↓

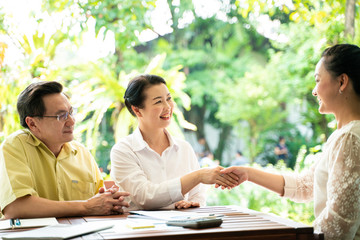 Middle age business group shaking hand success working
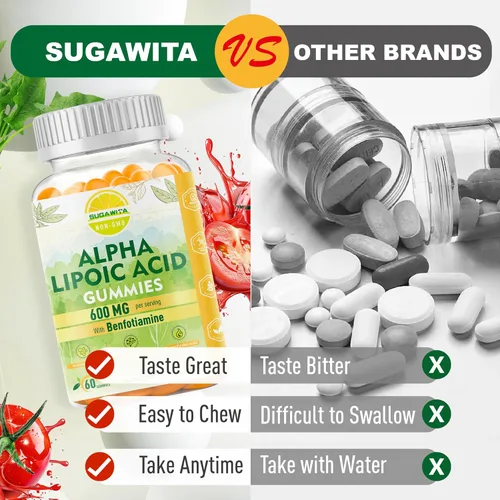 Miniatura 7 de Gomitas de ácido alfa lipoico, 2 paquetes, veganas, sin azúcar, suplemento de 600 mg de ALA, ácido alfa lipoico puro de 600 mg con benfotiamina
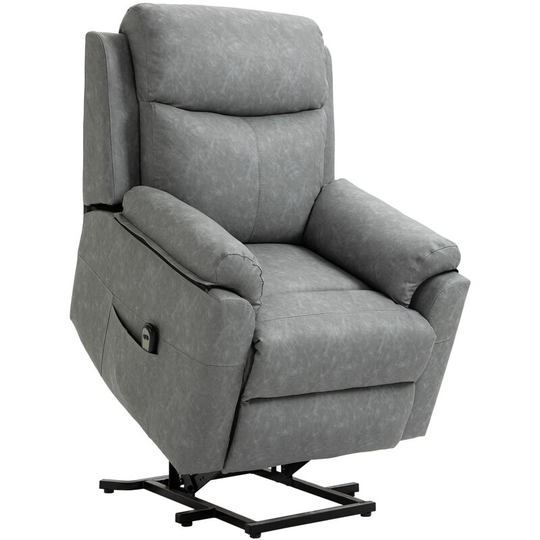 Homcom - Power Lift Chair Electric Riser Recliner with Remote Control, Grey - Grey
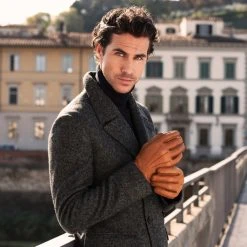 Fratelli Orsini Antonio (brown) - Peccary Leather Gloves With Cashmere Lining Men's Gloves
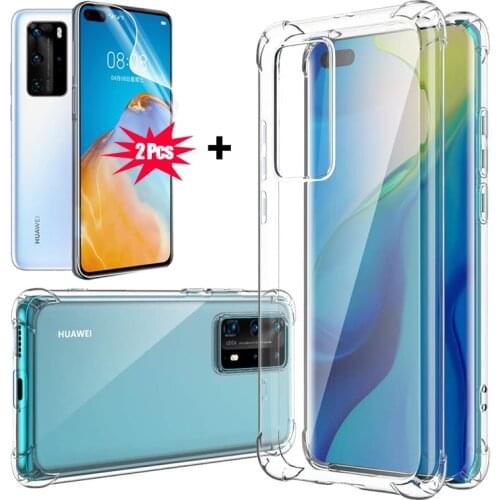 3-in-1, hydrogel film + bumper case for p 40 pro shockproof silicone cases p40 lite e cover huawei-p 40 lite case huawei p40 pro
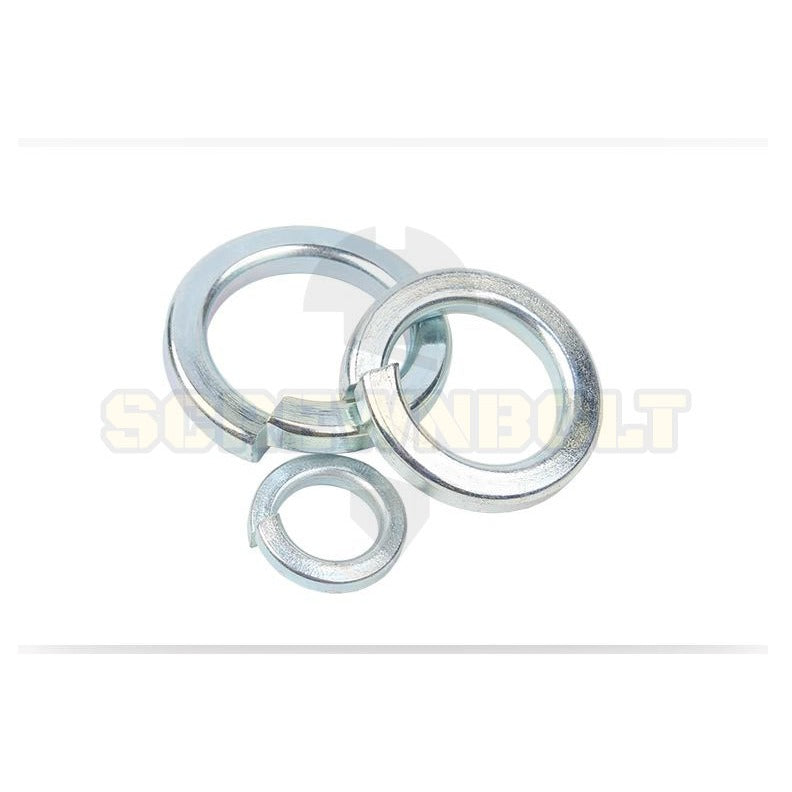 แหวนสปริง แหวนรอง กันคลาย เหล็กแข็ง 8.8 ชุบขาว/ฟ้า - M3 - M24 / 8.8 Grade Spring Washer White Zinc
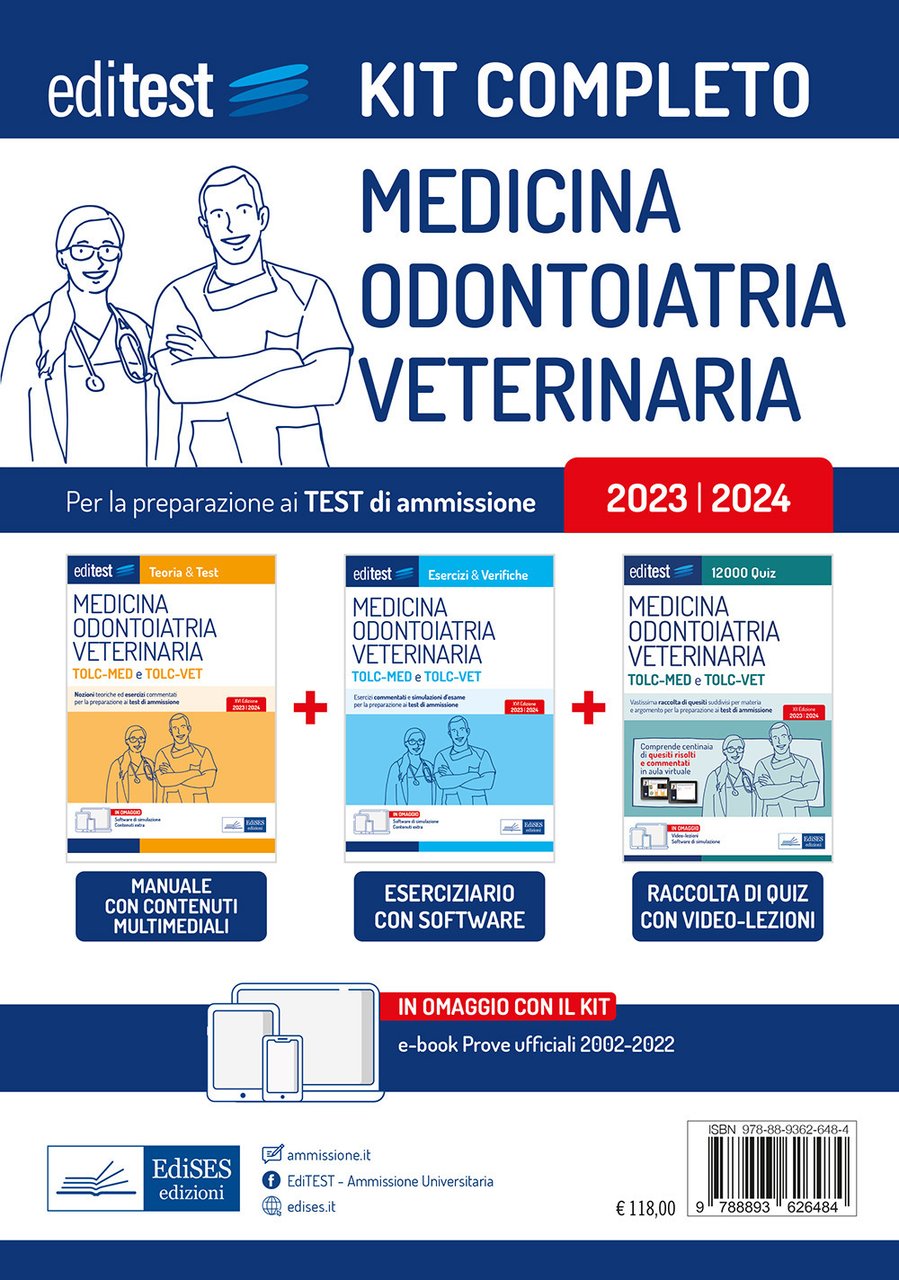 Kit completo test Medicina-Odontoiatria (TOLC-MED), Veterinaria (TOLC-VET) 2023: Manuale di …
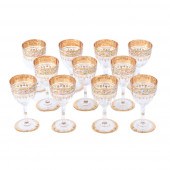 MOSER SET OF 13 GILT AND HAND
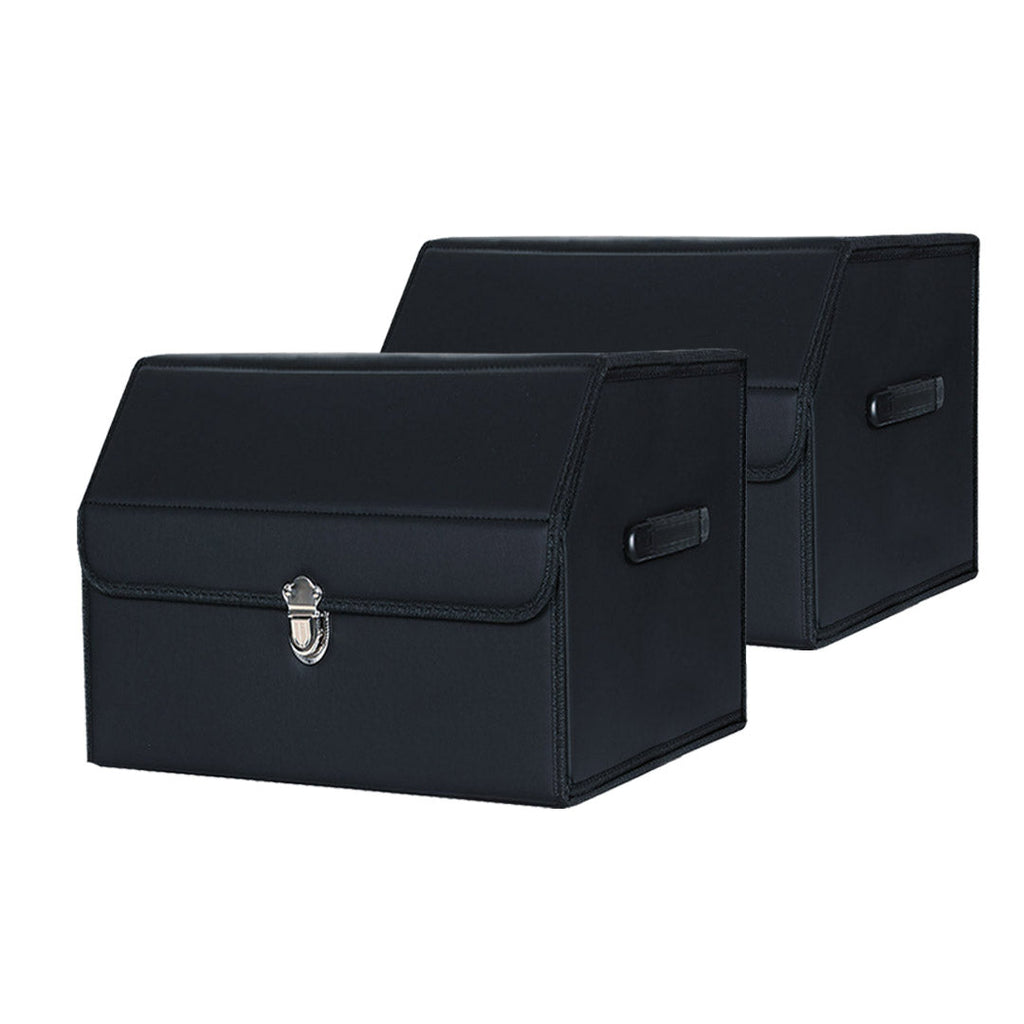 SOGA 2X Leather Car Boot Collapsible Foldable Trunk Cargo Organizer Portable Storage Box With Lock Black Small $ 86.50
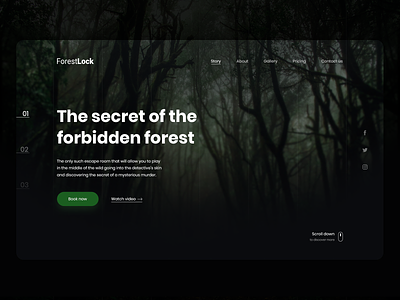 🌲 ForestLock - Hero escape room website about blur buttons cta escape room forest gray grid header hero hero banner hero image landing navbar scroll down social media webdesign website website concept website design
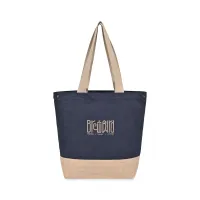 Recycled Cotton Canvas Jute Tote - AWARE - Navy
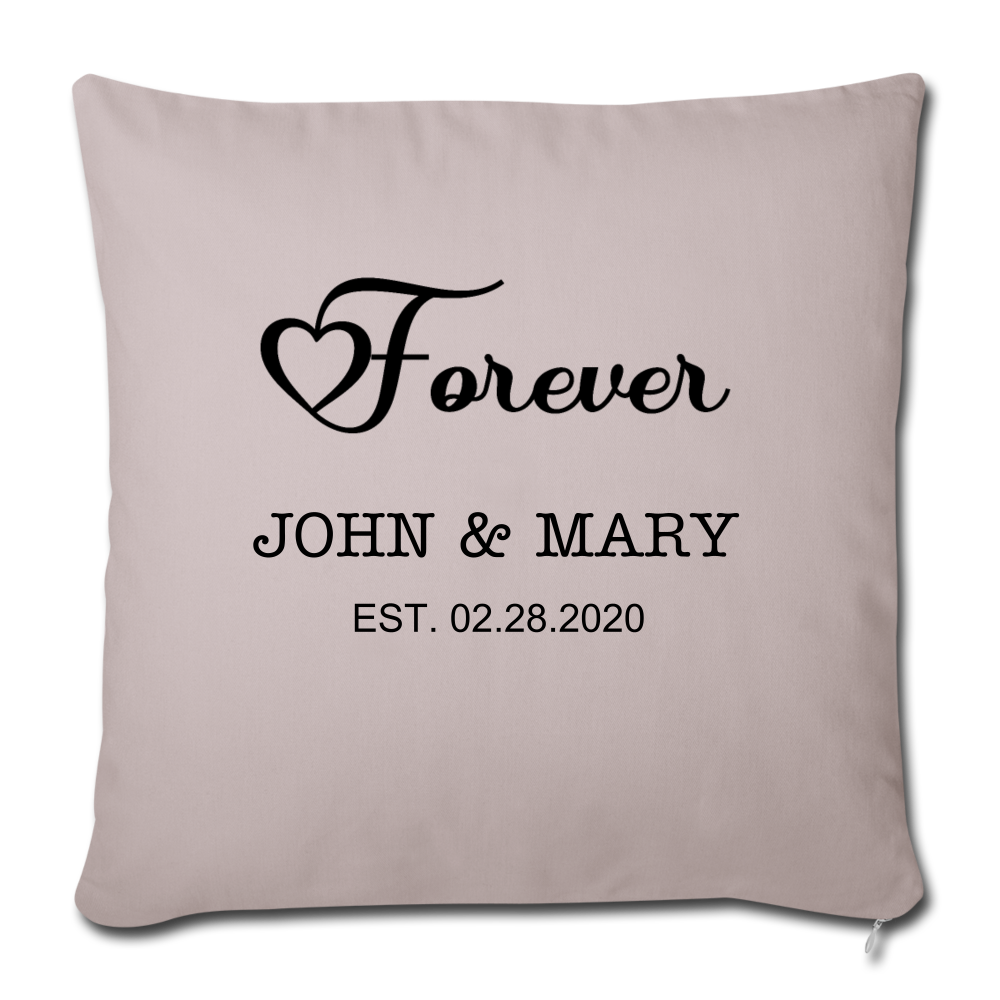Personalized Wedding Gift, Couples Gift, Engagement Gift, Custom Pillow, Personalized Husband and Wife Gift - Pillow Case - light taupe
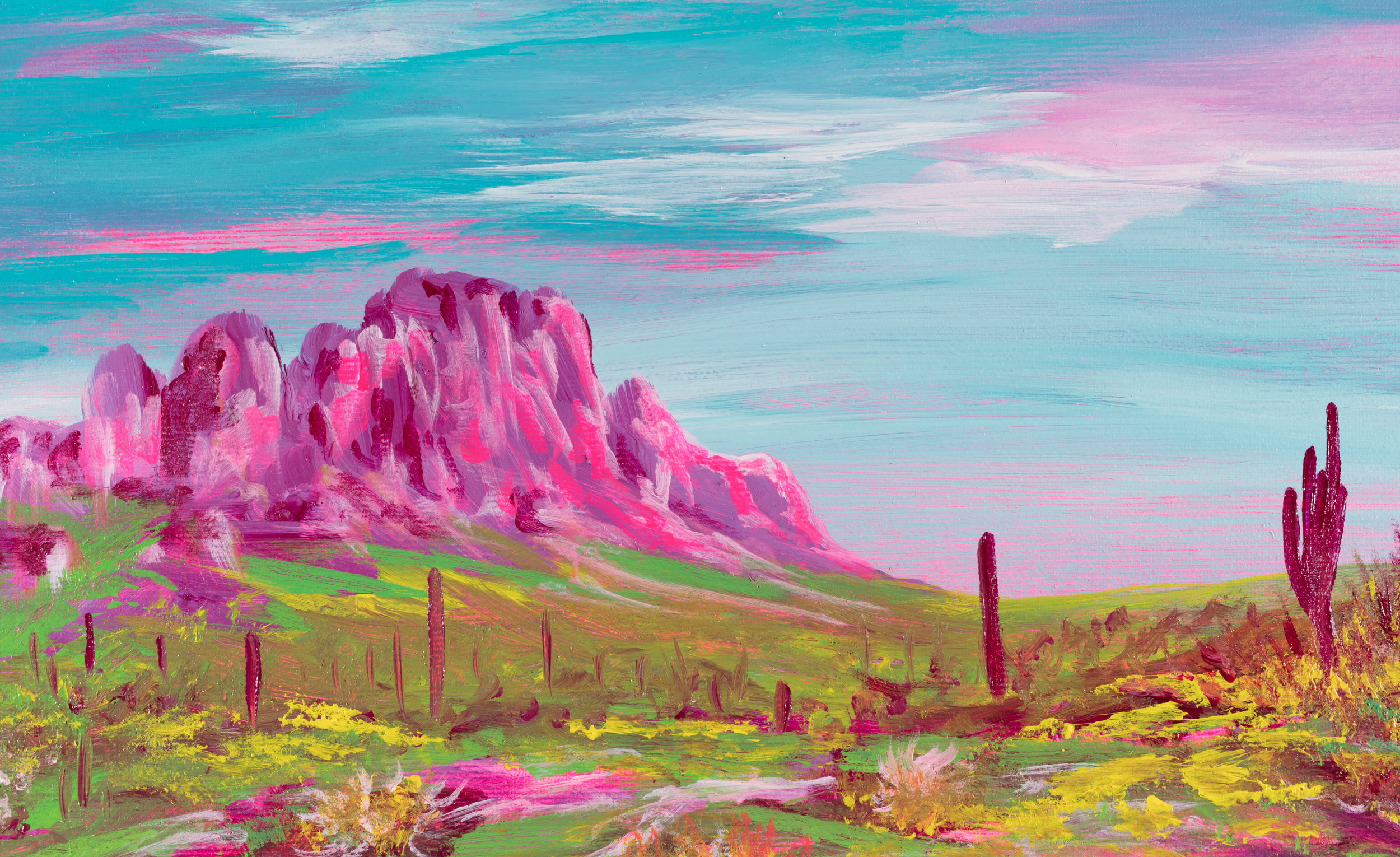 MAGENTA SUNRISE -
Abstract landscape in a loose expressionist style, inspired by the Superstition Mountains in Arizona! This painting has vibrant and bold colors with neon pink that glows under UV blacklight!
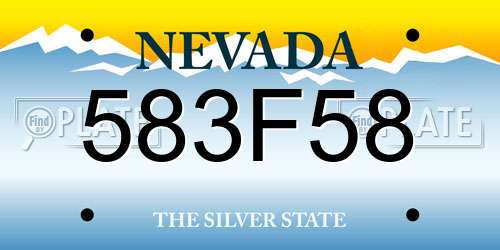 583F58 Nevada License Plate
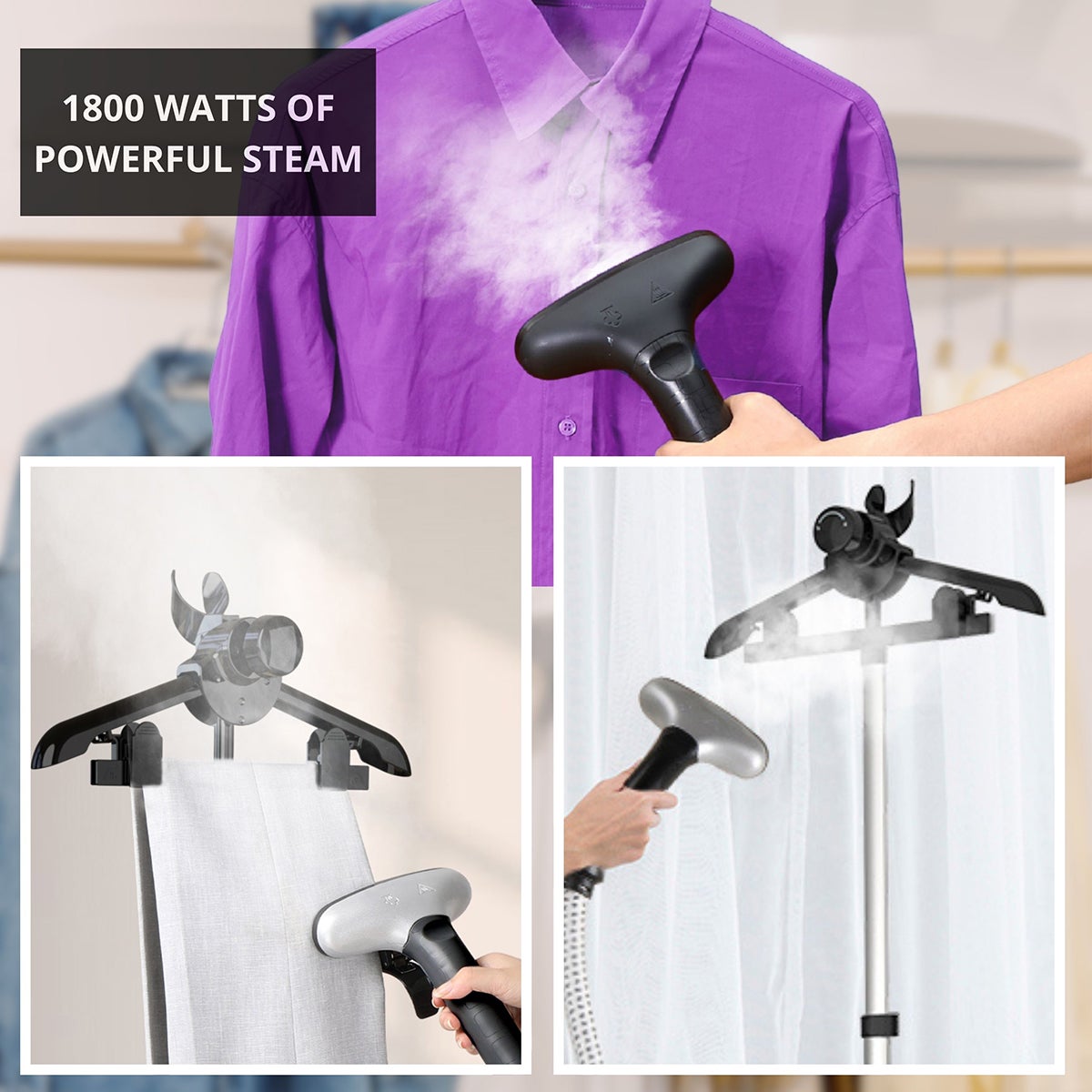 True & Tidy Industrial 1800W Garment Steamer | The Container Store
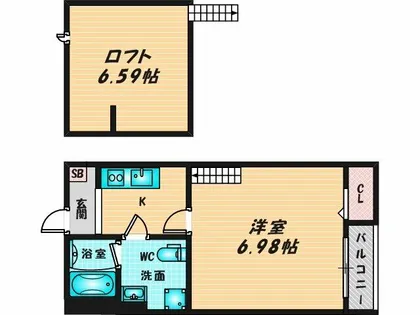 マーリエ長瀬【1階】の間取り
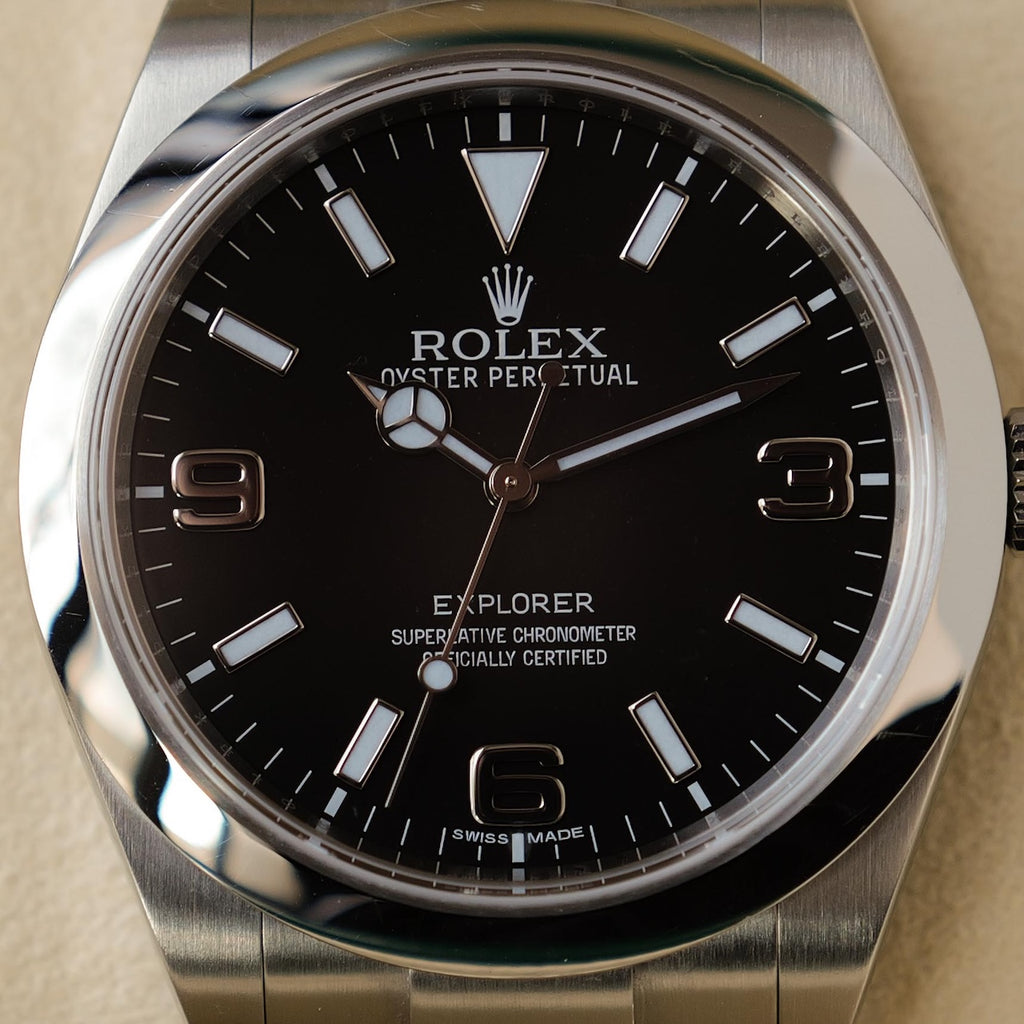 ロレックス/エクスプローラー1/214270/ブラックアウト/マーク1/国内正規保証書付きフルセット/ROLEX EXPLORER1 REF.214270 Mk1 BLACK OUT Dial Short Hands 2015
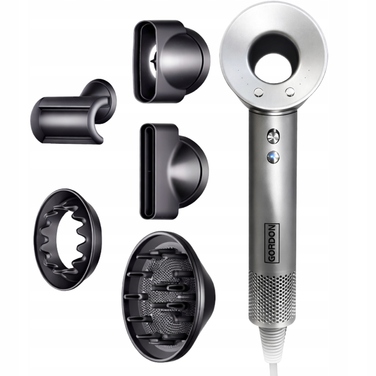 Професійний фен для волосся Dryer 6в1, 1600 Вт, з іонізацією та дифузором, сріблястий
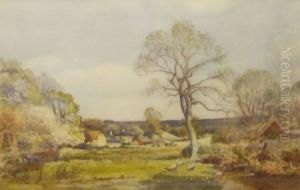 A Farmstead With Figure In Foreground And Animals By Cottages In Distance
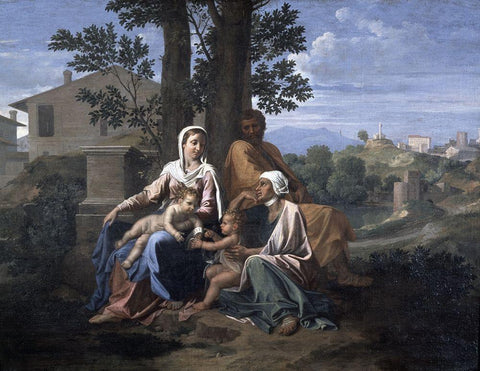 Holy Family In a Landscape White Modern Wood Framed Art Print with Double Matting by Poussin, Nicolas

↑

WHAT YOU HAVE TO DO:
Give back the listing word for word, minus its images.

YOUR SOLUTION:
 Middle age business group shaking hand success working
 Miniatura 7 de Gomitas de ácido alfa lipoico, 2 paquetes, veganas, sin azúcar, suplemento de 600 mg de ALA, ácido alfa lipoico puro de 600 mg con benfotiamina
 Homcom - Power Lift Chair Electric Riser Recliner with Remote Control, Grey - Grey
 Fratelli Orsini Antonio (brown) - Peccary Leather Gloves With Cashmere Lining Men's Gloves
 3-in-1, hydrogel film + bumper case for p 40 pro shockproof silicone cases p40 lite e cover huawei-p 40 lite case huawei p40 pro
 แหวนสปริง แหวนรอง กันคลาย เหล็กแข็ง 8.8 ชุบขาว/ฟ้า - M3 - M24 / 8.8 Grade Spring Washer White Zinc
 Kit completo test Medicina-Odontoiatria (TOLC-MED), Veterinaria (TOLC-VET) 2023: Manuale di …
 MOSER SET OF 13 GILT AND HAND
 SOGA 2X Leather Car Boot Collapsible Foldable Trunk Cargo Organizer Portable Storage Box With Lock Black Small $ 86.50
 🌲 ForestLock - Hero escape room website about blur buttons cta escape room forest gray grid header hero hero banner hero image landing navbar scroll down social media webdesign website website concept website design
 Recycled Cotton Canvas Jute Tote - AWARE - Navy
Personalized Wedding Gift, Couples Gift, Engagement Gift, Custom Pillow, Personalized Husband and Wife Gift - Pillow Case - light taupe
 MAGENTA SUNRISE -
Abstract landscape in a loose expressionist style, inspired by the Superstition Mountains in Arizona! This painting has vibrant and bold colors with neon pink that glows under UV blacklight!
 583F58 Nevada License Plate
 True & Tidy Industrial 1800W Garment Steamer | The Container Store
 マーリエ長瀬【1階】の間取り
 ロレックス/エクスプローラー1/214270/ブラックアウト/マーク1/国内正規保証書付きフルセット/ROLEX EXPLORER1 REF.214270 Mk1 BLACK OUT Dial Short Hands 2015
 Професійний фен для волосся Dryer 6в1, 1600 Вт, з іонізацією та дифузором, сріблястий
 A Farmstead With Figure In Foreground And Animals By Cottages In Distance
 Holy Family In a Landscape White Modern Wood Framed Art Print with Double Matting by Poussin, Nicolas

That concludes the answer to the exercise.